David Michalek’s Slow Dancing comes to Harvard Square

David Michalek’s Slow Dancing is an outdoor multi-screen installation featuring larger-than-life, hyper-slow-motion video portraits of dancers and choreographers. It will be projected on the façade of Widener Library in Harvard Yard, adjacent to Boylston Hall, as part of the 20th anniversary celebration of Harvard’s ARTS FIRST festival. Free and open to the public.

Presented by the Harvard’s Office for the Arts, Public Art Program and ARTS FIRST, with support from the Office of the President and Harvard Campus Services and a special thanks to the staff of Widener Library, Slow Dancing, David Michalek’s video installation featuring larger-than-life, hyper-slow-motion video portraits of dancers and choreographers, offers insight into the physics of movement and the essence of creativity.

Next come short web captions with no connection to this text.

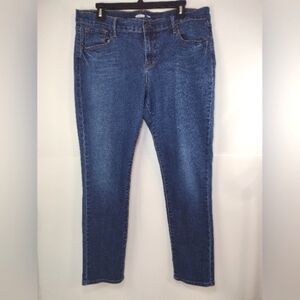 Old Navy women's original skinny jeans size (14)short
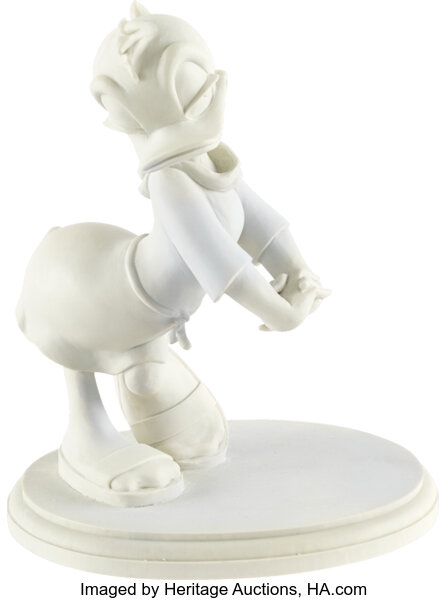 Artwork by Bruce Lau, Fantasia 2000, Made of cast resin
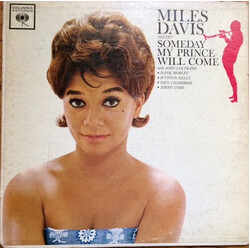 The Miles Davis Sextet Someday My Prince Will Come Vinyl LP USED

The artist recorded each subject’s movement, against a black backdrop, at 1,000 frames per second (compared to standard film’s 30 frames per second) to produce a perception-altering performance. Freed from the constraints of gravity and context, the dancer on the screen reveals the complexity of gesture and judgment that normally would escape the viewer’s eye.

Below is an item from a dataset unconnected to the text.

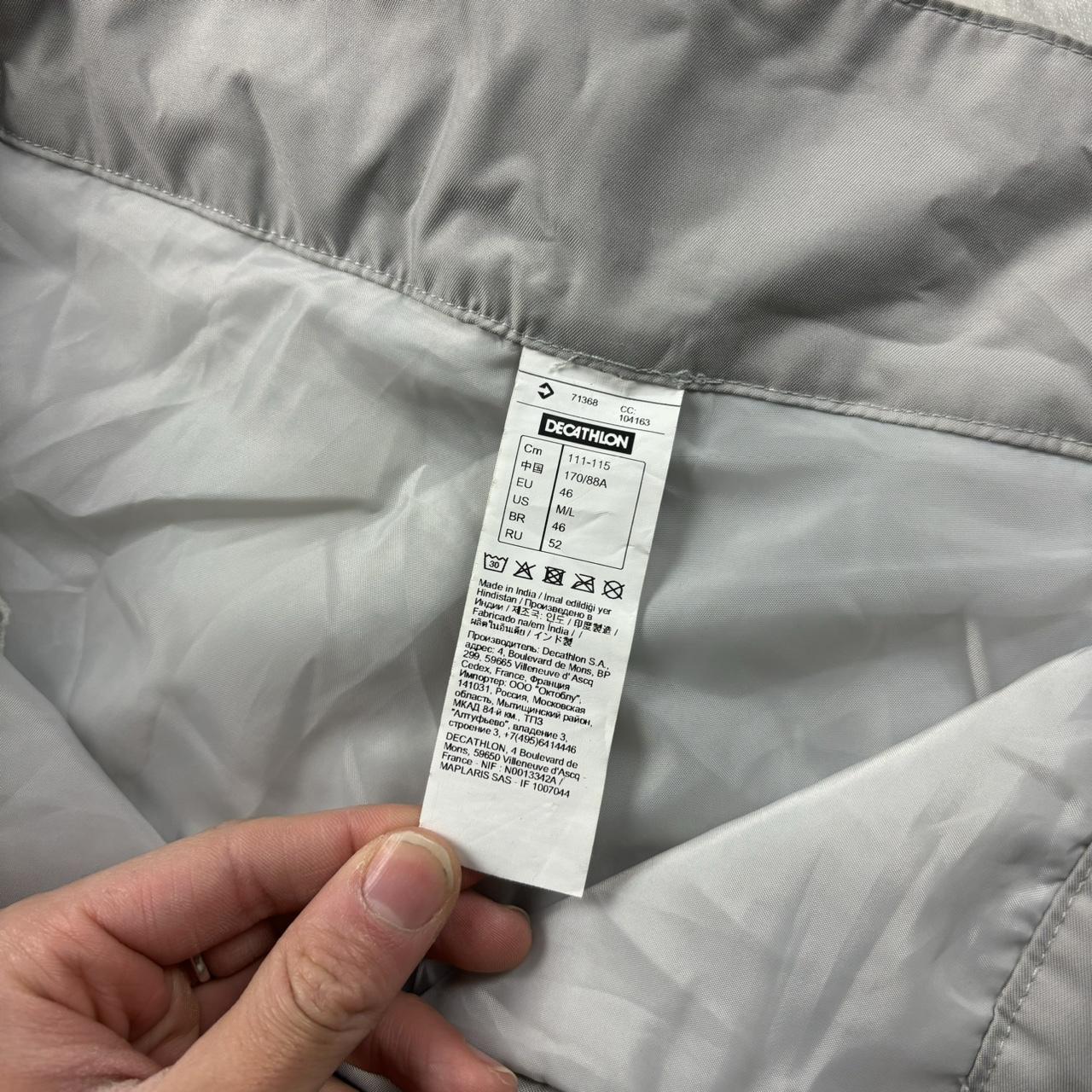 VINTAGE Y2K DECATHLON BAGGY SKI PANTS SALOPETTES GREY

With these images, Michalek conjures a fluid stillness, creating a meditative time and space amidst the rush and crush of contemporary life. Slow Dancing engages the senses and the mind in an encompassing experience of awareness. The work also transforms Harvard Yard, calling forth its symbolic significance as a place for contemplation.

While each performer on the outsized screen mesmerizes, the trio of dancers randomly projected also presents a thought-provoking comparison of culturally diverse interpretations of dance and gesture. Michalek documented an international cohort of over 40 dancers—from virtuosi of ballet and Balinese classical dance to masters of hip-hop and krumping—including Harvard’s own Jill Johnson, Director of the OFA Dance Program and faculty member in the Department of Music. (View information about all the performers, and read comments by the artist.)

Slow Dancing may be approached at multiple levels—as sanctuary, cross-cultural discovery, experiment in image technology, biological and neuronal investigation, exploration of perception, singular artistic vision, and more. This rich confluence of understandings closely aligns with the creative innovation and interdisciplinary emphasis that thrives at Harvard, strengthening the arts and other disciplines at the University. It also represents a paradigm of arts practice that ARTS FIRST, Harvard’s annual festival of student and faculty creativity, encourages and celebrates with its 20th anniversary this year.